In this light, the post crisis decision in the UK to move market regulation into a subsidiary of the central bank is a ghastly mistake.

Rajgopal and White have a paper euphemistically (or sarcastically) titled “Stock Picking Skills of SEC Employees”. The paper is actually about potential insider trading by the regulator’s employees. The empirical results show that sales (but not purchases) by SEC employees earned abnormal profits (as measured by the standard Fama-French four factor model). There is evidence that some of these sales were based on impending SEC enforcement actions or disclosures made to the SEC that have not yet been made public. This indicates that the measures introduced by the SEC after an earlier insider trading scandal in 2009 (see here, pages 40-43) are not sufficiently effective or are not properly enforced.

If my memory serves me right, back in 2000, when I was in SEBI (the Securities and Exchange Board of India), employees (from the Chairman down to all staff) were forbidden from investing in equities except through mutual funds. This is arguably too draconian, but clearly the SEC rules (and their enforcement) were not tight enough.

Last week, Maris Jensen released her web site SEC Filings for Humans. (There is a nice interview with Maris Jensen at E Pluribus Unum.)

I use the SEC’s Edgar database quite often, but nowadays I never go there without first having identified the exact document that I need through other means. Searching for the document itself on Edgar is not for the faint hearted. I use Yahoo Finance and Google Finance quite extensively and find both quite disappointing. It is therefore truly amazing that one individual using a bunch of open source software (particularly D3.js and SQLAlchemy) can do something that none of these powerful organizations with vast resources have been able to accomplish.

For example, on Edgar, if you look for JPMorgan, you will find two registrants with the same name Jpmorgan Chase & Co. Only by trial and error would you be able to figure out which is the true JPMorgan. At Maris’ site, both registrants are listed, but the correct one is identified by the ticker symbol (JPM). Not rocket science, but saves a few minutes of searching for the wrong documents. Once you select JPM, you can view all its financial information (from the XBRL filings) in tabular form instead of wading through a huge text file. A lot of interesting information is displayed visually – for example, you can find a time series chart of all of the company’s subsidiaries. (For a company like JPM with hundreds of subsidiaries, this chart is quite intimidating, a similar chart for say Apple is more enjoyable). The influence chart of cross ownership is also truly impressive.

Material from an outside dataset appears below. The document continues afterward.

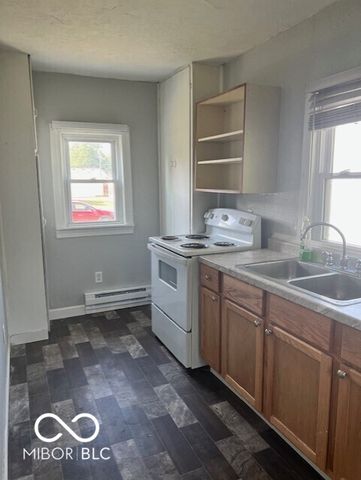 304 Andover Road, Anderson, IN 46013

It is quite likely that in a few days as more and more users try out her website, it will become unresponsive and possibly even crash. One hopes that a large organization with more bandwidth and hardware takes over the site and keeps it running. But the prospects do not look very good – Maris tried to donate the whole thing to the SEC, but they did not even bother to respond. Meanwhile the SEC spends a lot of money buying back its own Edgar data from commercial vendors.

Finally, will something like this ever become available in India?

The World Gold Council (WGC) reported last week that despite import curbs imposed during 2013, Indian gold demand continued to grow with gold smuggling (what the WGC euphemistically calls unofficial gold imports) compensating for the fall in official imports. This is of course in line with a lot of anecdotal evidence.

In principle, gold smuggling should show up in the balance of payments (BOP) data in some form – after all the smuggled gold also has to be paid for in foreign exchange. For example, smugglers could collect foreign currency from migrant workers outside India and remit the money in Indian rupees to their families in India via the “hawala” channels. Corporate “hawala” could take the form of under/over invoicing of trade or inflating outbound foreign direct investment from India.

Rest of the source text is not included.